No wonder the gathering of Holocaust survivors and their liberators at the State Department received scant attention. Even the New York Times buried at the bottom of an inside page its account of the three-day conference of concentration camp prisoners from 13 countries and the Allied soldiers who, by the twist of history, happened to be the ones to free them.

It is always presumed that we need to be reminded of subjects like Hallowe'en and Lady Diana and Calvin Klein, but we do not need to be reminded of the Holocaust. How could we forget?
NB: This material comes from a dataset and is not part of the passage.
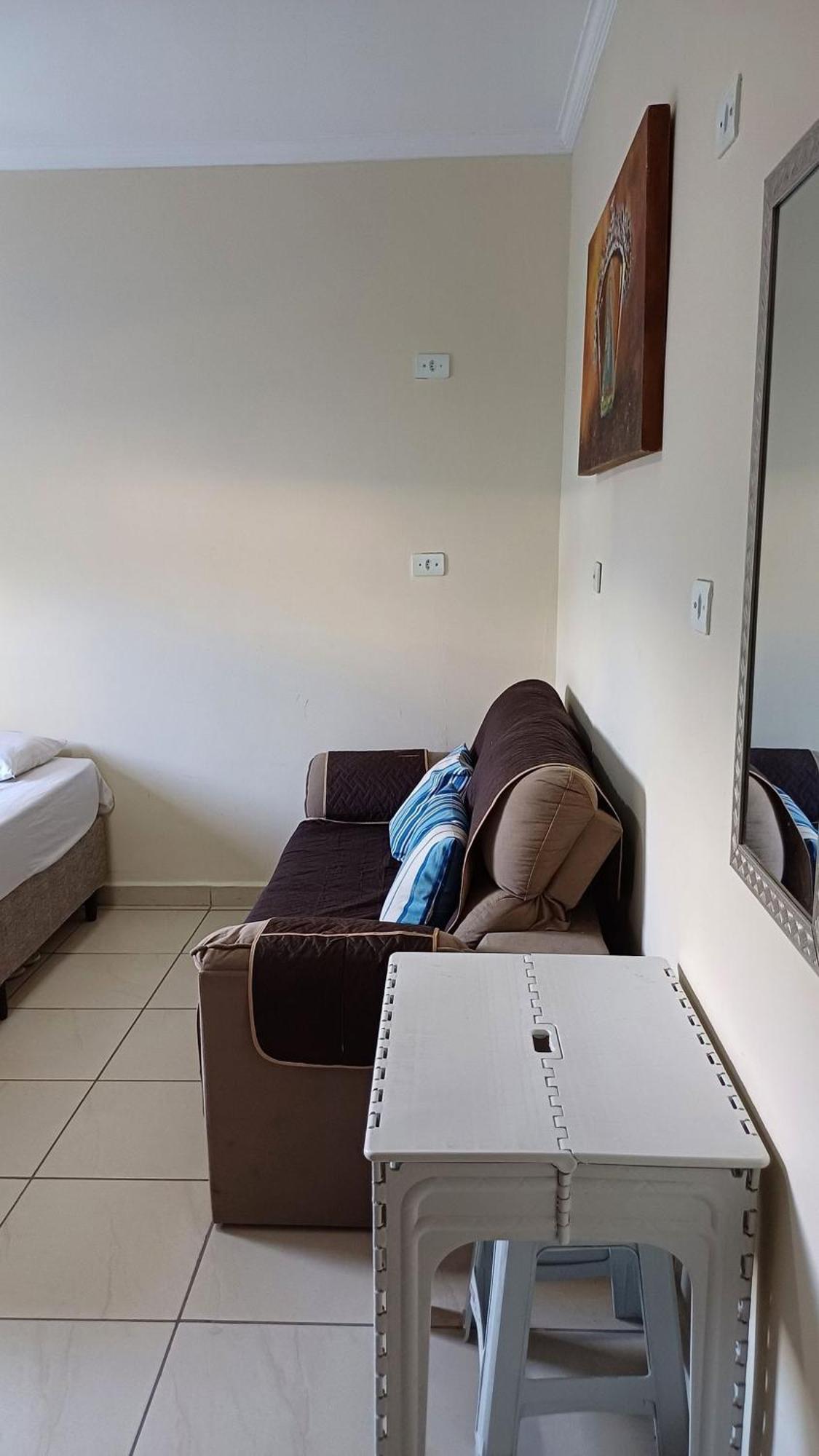 Familia Otaviano Hotel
Yet in explaining ''Why I Write'' the novelist Elie Wiesel, a child of the Holocaust and chairman of the conference, cited ''the fear of forgetting.''

''The fear of forgetting''! How could anybody forget? And yet in a Los Angeles courtroom, just a few weeks before the conference, a judge had to make it legal not to forget. An organization called the Institute for Historical Review denied there was a Holocaust and offered to pay $50,000 to anybody who could prove that gas chambers existed. A Long Beach businessman named Mel Mermelstein, who lost his mother and two sisters at Auschwitz, sued after the Institute deemed his evidence inconclusive. When the case came before the Superior Court of Los Angeles County, Judge Thomas L. Johnson ruled: ''The court does take judicial notice that Jews were gassed to death in Poland at Auschwitz in the summer of 1944.''

And so, officially, the Holocaust is not to be forgotten in certain parts of Southern California. But Wiesel estimates that more than 100 publications in more than a dozen countries have claimed during the past decade that the execution of six million Jews never happened -- the Holocaust is a myth.

As aids to the collective memory, the survivors and the liberators went on videotape with their recollections. These testimonies will be placed in the archives of a Holocaust museum, to be erected on the mall in the nation's capital.
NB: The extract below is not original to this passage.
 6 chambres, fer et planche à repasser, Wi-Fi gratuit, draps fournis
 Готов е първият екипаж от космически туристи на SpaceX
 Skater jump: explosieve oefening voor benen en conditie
With such a tangible memorial, can anybody ever forget again? The awful answer is: yes. We have a gift for forgetting. Each day a new set of headlines erase yesterday's, the way a new recording erases the old on a tape.

''Remember me'' -- this is the cry from the heart of a thousand worthy causes , a hundred candidates for election, and a dozen tootpaste ads.
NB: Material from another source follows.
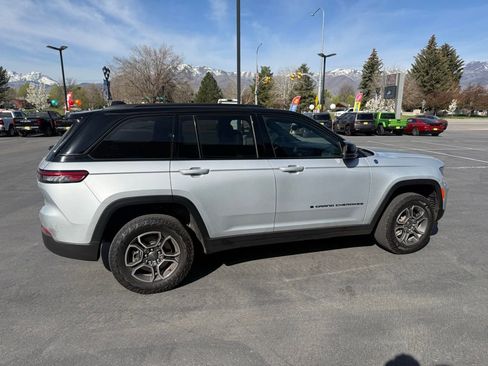 Used 2023 Jeep Grand Cherokee Trailhawk w/ Luxury Tech Group III image 4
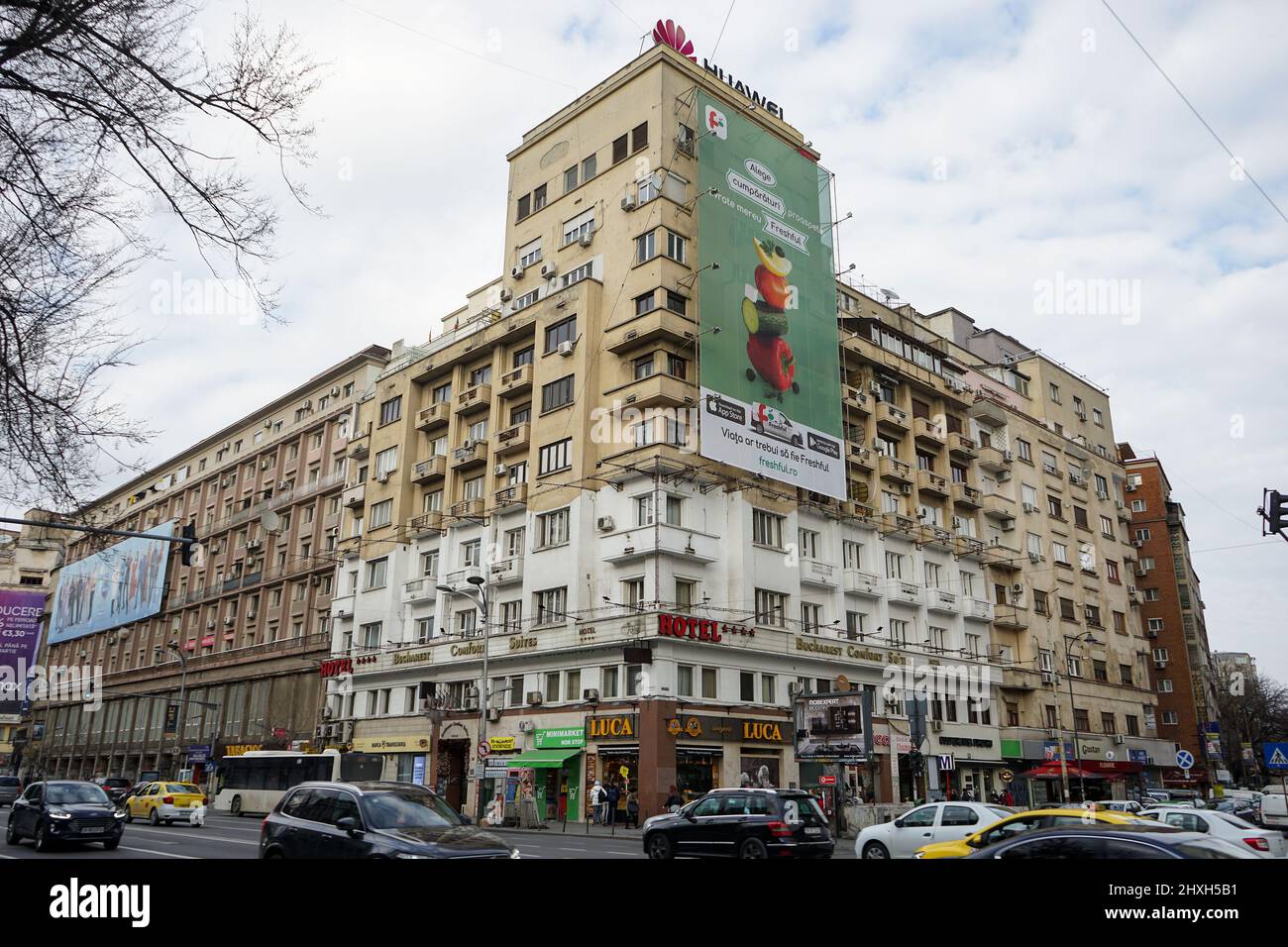 Bucarest, Romania - 08 marzo 2022: Splendida vista sul centro di Bucarest con il grande edificio in cui il Bucharest Comfort Suites Hotel è lo Foto Stock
We cannot even remember our own ''me'' - the stranger that was us 10 years ago, with the funny clothes and hairstyle, not to mention the dated ideologies.

Forgetting has become the self-protective technique for surviving perpetual change.

The Holocaust conference made things easy for us by celebrating deliverance rather than captivity. But it would have done no good to bully us with excruciating details. We are experts at going to horror movies and tearing up our impressions with the ticket stub.

Or we can forget by turning everything into an issue, abstracted into neat file folders: Racism, Genocide, etc.

As for the statistics, those are what we store in computers. Let the electronic memory banks of the Los Angeles County Court and the videotapes of the Holocaust museum do the remembering for us.

But, of course, automated remembering is not enough. ''Bearing witness'' -- the phrase was pronounced again and again at the conference. Only human beings can bear witness, for bearing witness is an act of responsibility.

We talk, like losing generals, about ''learning the lessons of history.'' It goes deeper than that. What we really want when we look back at all the nobility and all the cruelty is to be better human beings -- to stop being intermittent builders and intermittent destroyers, intermittent peacemakers and intermittent killers. To remember history is to promise ourselves that. To forget, as Wiesel observed, is to kill twice.